ただし、個人装備だけでは限界があるため、水分・塩分補給のルール化や、WBGT値に応じた休憩管理などの運用面の対策も併せて実施することが重要です。
3.3 ③管理体制:早期発見と迅速な対応
管理体制の整備は、熱中症の重症化を防ぐために不可欠な対策です。労働安全衛生規則の改正でも、報告体制の整備と実施手順の作成が義務付けられています。
おもな管理体制には、WBGT監視システムによるリアルタイム計測とアラート通知、ウェアラブル機器による作業者の心拍数や体温の監視などがあります。
また、熱中症が疑われる作業者を発見した際の報告ルートと、身体冷却や救急搬送などの応急処置手順を事前に文書化し、全従業員に周知することが重要です。定期的な訓練を実施することで、実際の緊急時にも迅速に対応できる体制を構築できます。
4.工場の熱中症対策には移動式エアコン「ヒエスポ」がおすすめ
工場や倉庫の熱中症対策には、移動式エアコン「ヒエスポ」が最適です。
ヒエスポは、配管工事が不要で電源さえあれば設置できるため、導入のハードルが低く、すぐに使い始められます。
業界No.1の風量を誇り、大空間でも強力な冷房効果を発揮するため、工場や倉庫のような広い作業場所でも十分に冷やすことができます。
他社のスポットエアコンと比較しても、ヒエスポは冷房到達距離が圧倒的に長く、遠くまで冷風が届くのが特徴です。
■ヒエスポの特徴
配管工事不要で電源接続だけで即日使用可能
業務用としてパワフルな冷房能力(2.8kW~14.0kW)
冷暖房兼用で年間活用できる
キャスター付きで移動が容易
堅牢なアルミ製筐体で耐久性が高い
購入・レンタル・リースから選べる
ヒエスポを導入すれば、「作業場所が涼しくなり、従業員が快適に働けるようになった」と実感できますよ!
5.まとめ
工場の熱中症対策は、2025年6月の労働安全衛生規則改正により罰則付きで義務化されました。効果的な対策を実施するには、設備対策・個人装備・管理体制の3つの柱を組み合わせることが重要です。

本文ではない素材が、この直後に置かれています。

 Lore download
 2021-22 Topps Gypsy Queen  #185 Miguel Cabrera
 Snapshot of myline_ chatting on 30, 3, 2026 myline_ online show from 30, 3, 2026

工場の規模や予算、環境に応じて、最適な組み合わせを選びましょう。
とくにレイアウト変更が頻繁な工場や、配管工事ができない賃貸物件では、移動式エアコンのような工事不要で柔軟に配置できる設備が効果的です。
配管工事が不要で、キャスターで自由に移動でき、冷房・暖房・除湿・送風の4つの機能を備えているため、年間を通じて活用できます。一般的なスポットクーラーを上回る冷却能力で、広範囲に冷気を届けられる点も魅力です。
工場の熱中症対策は、従業員の命と健康を守るだけでなく、作業効率の向上や離職率の低下にもつながります。本記事で紹介した事例や対策方法を参考に、自社に合った熱中症対策を実施し、従業員が安心して働ける環境を実現しましょう。